Oct 03

An experiment to determine g – the acceleration due to gravity at the Earth’s surface

Proven By Science2 comments • 5,954 views

1 bear, 1 tree, 1 trampoline, 1 TV camera and stopwatch

We let the bear climb up into the tree and then we put the trampoline under the tree and then my friend Simon shot him with a tranquilizer dart and I filmed it for the telly.

Broadband conections/ppl at work: 2MB mpeg of Bouncing Bear News Item. Otherwise IMAGINE IT. Having studied the video footage I should have drawn a graph but I’d run out.

The coefficient of restitution between bear and trampoline is greater than that between bear and grass

Rbt > Rbg

I looked up g in a textbook. It’s 9 point something.


  1. 1
    DR Andrew Mackay on 5 Oct 2006 #

    Hi my name is Andy

    I think your experiment is excellent but not completely correct.

    If you repeat the experiment with a different bear , for example a polar bear you will find that your values are in-acccurate.

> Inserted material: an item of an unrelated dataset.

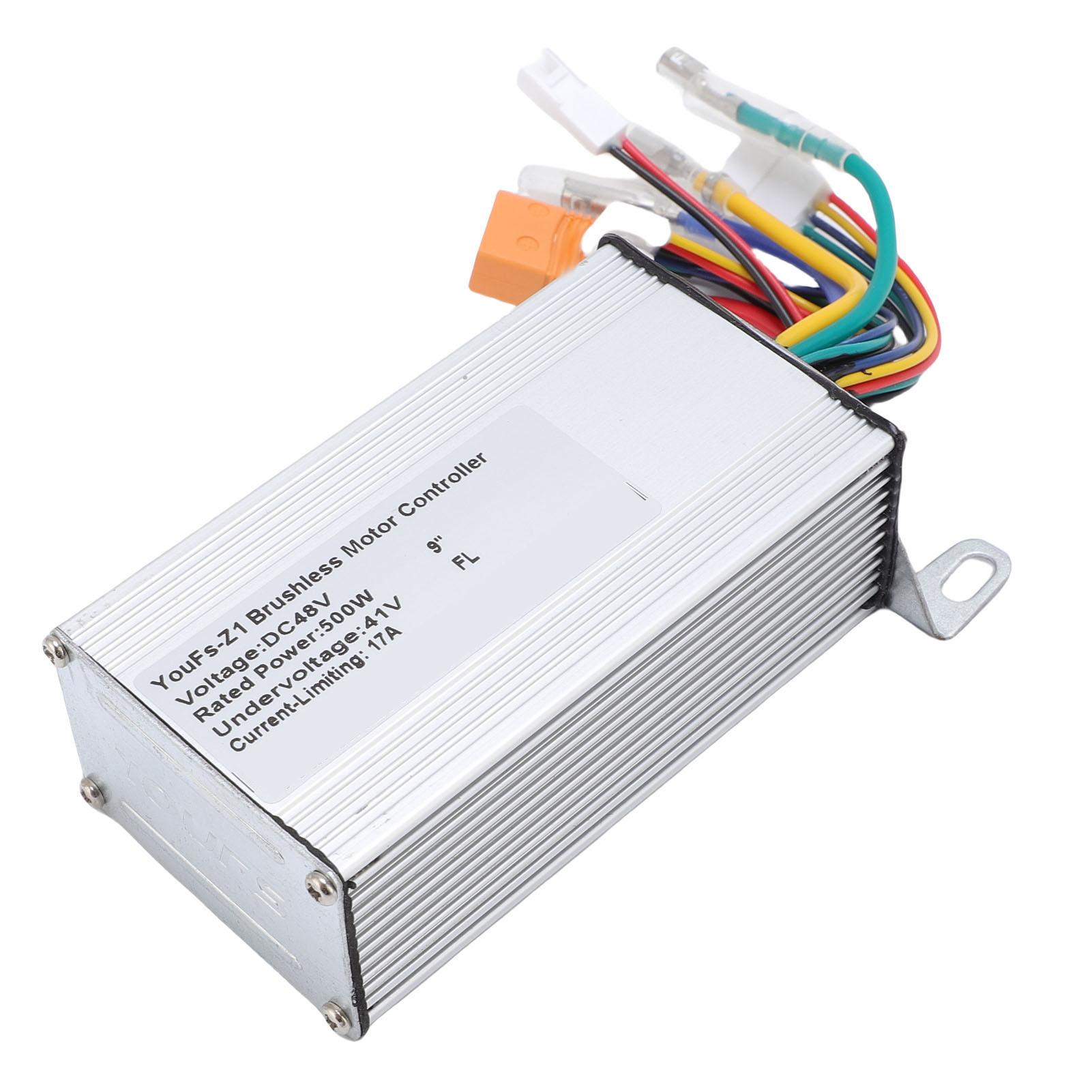 

Контроллер электросамоката 17А Алюминиевый Универсальный Контроллер скорости двигателя для 10-дюймового электросамоката 500 Вт Модификация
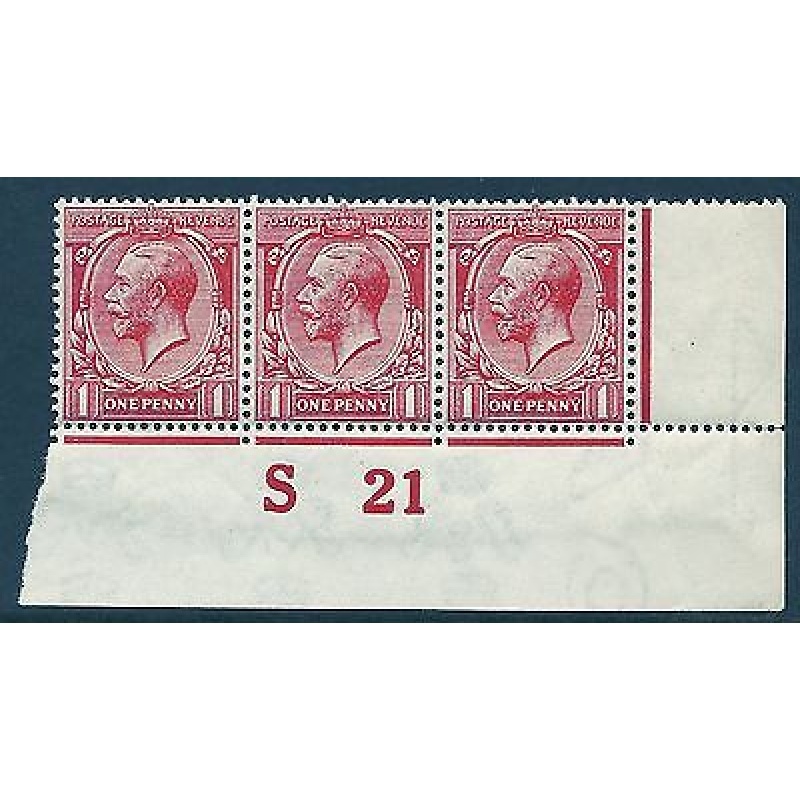 N16(12) 1d Bright Carmine Red Royal Cypher Control S21 imperf UNMOUNTED MINT MNH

    The actual value according to my results are that g = 9.8125569898721271 N/kg.

    Yours sincerely
    DR.Andrew Mackay

    P.S If you require more information feel free to mail me on my supplied address.

  2. 2
    Admin on 5 Oct 2006 #

    now that’s a lot of significant figures!

    accuracy to 10-15 ms-2. Basing that on timing a bear falling out of a tree would require you to measure the distance fallen and time of fall immensely accurately. I also imagine that you would have to repeat the experiment several times and work out the error in your measurements – clearly quite low in this case. The error induced by air resistance would also need to be taken in to account at this accuracy.

    So in summary, from your accurate figure i deduce that you have repeatedly dropped a bear on the ground in a vacuum.